The holidays were wonderful and busy. I found I missed having some activity in my day to day life. Not crazed, mile-a-minute things, but manageable portions of social interaction, physical exertion, and even some artistic endeavors. It was also a time of big choices. Not making them, necessarily, but being presented with them. In this new year, I’ll be developing answers to those choices. That’s what this whole year will be focused on: making choices and following through with them. While that may be the goal for everyone ever year, I’ve skated past most new years with nary a thought about how I will alter my life in the coming months. It always felt like I was setting myself up for disappointment with new year’s resolutions. Half-hearted and guilt-fueled, these decisions never last for longer than a few days and leave their progenitors feeling like failures. I spend most of my day to day life feeling like a failure; I don’t need a holiday focused on a dramatic reenactment of that process.

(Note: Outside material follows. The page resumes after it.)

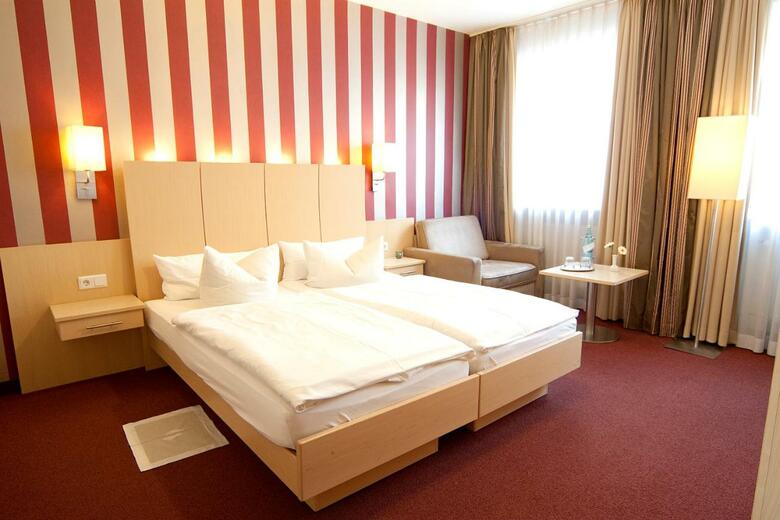 Hostal Hotel Garni Deutsches Haus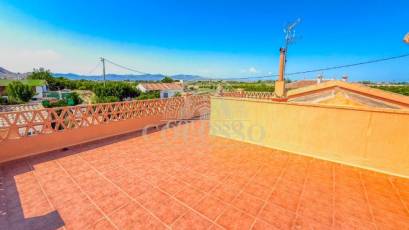 Resale - Chalet -
Rafal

This year may or may not be different. I started making some changes in December through the influence of F. She suggested yoga and after a few days of deliberation, I went to the studio she attended. It’s a lovely place that is low key but still professional. Instead of a hands-off, competitive approach that a lot of yoga studios have in Santa Fe, the teachers at this studio help correct the students. The other students don’t judge. They’re all learning, even if they are at higher levels. I’m someone who learns by doing and I need to be able to do it correctly. So far, it’s been fun. That’s also important. The goal is to attend 10 classes by the end of the month. I’ve already attended 2 in the past 6 days, which is sort of cool considering my past year of immobility and lethargy. Those aren’t the days I’ve been active either. I’ve been trying to do something physical at least once a day. Already there is a shift in my body. I can feel it working to become stronger and it surprises me. Clearly, it wanted movement; I just had to find the right source.

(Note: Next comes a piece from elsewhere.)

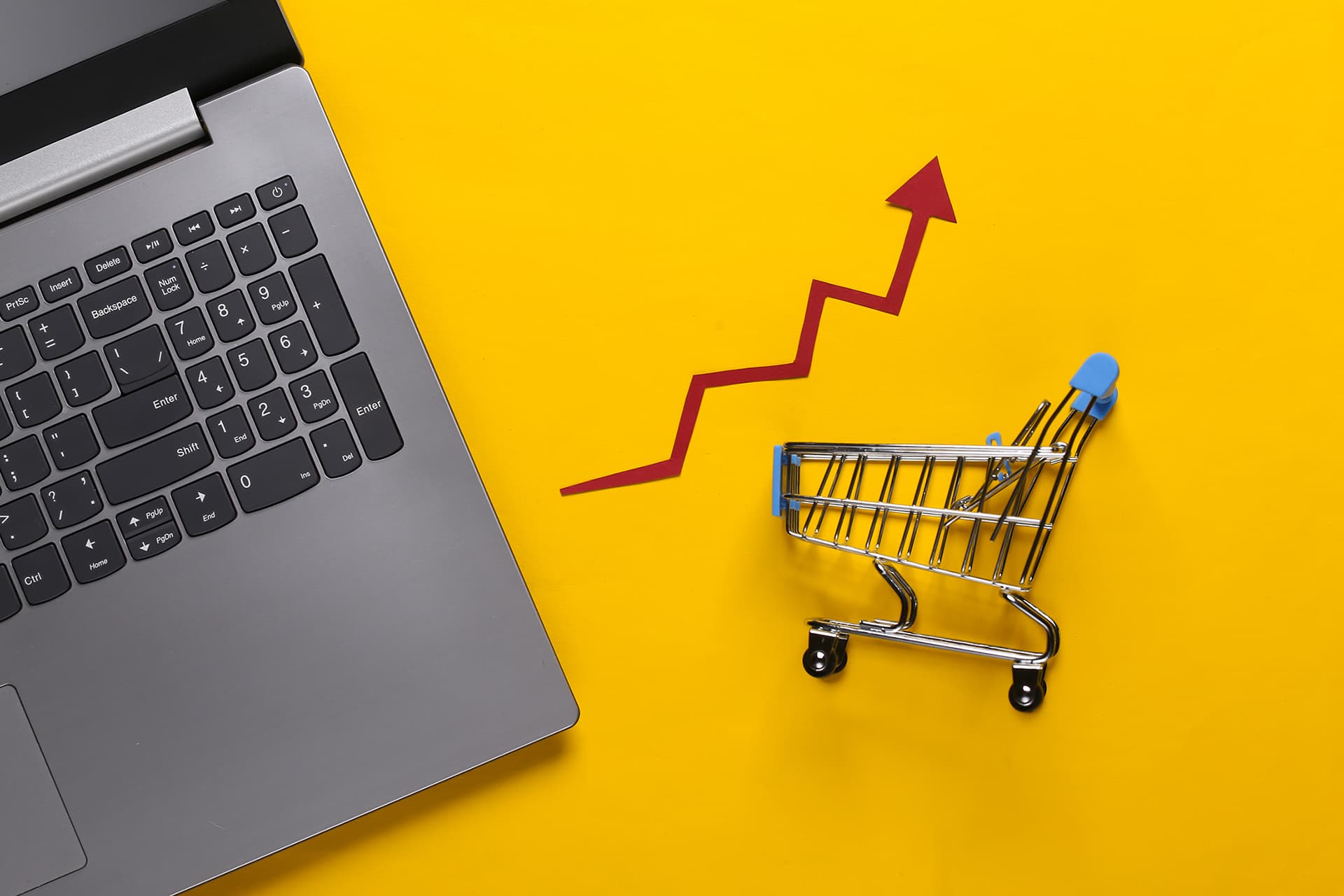 Concepto aumento de ventas en tiendas online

As I type these words, I know they sound painfully American with the undue focus on small achievements. Sometimes, though, that’s all I have. Everyday I’m fighting mixed messages on how our lives should be led. I’m lucky enough to live in a place that encourages a diversity of lifestyles without a lot of judging (like I said earlier in the post, there is still a certain amount of judging that takes place within a certain segment of the population). Regardless of how successful this place is in actually promoting its diversity day to day, the diversity still exists. For me, that promotes a certain kind of… expansive viewpoint about how a life CAN be led. Not always SHOULD be led. Still, I read the news. I’m exposed to the ideas of peers that are more militant and fixed in their actions. While that may be the most productive way for them to live, it’s certainly not the best way for me to live. I need some mutability. I need to know that I can change course. Maybe that’s flaky, I don’t really know. With yoga, I’m trying to bring both strength and flexibility into my body. That seems to be something I crave (yeesh, I typed “grave” before “crave”. What does that mean?) in all aspects of my life. While mutable tends to mean fickle or inconsistent, it also carries with it an idea of being easy-going. It means “liable to change”, indicating that something has the ability to change. It’s not fixed. Living in a fixed space for the past year has been illuminating and evidently it needed to happen. I retreated into a hermitish space where I could turn inward to find my next path.
To be strong and mutable. That’s my path for this year and the years to come.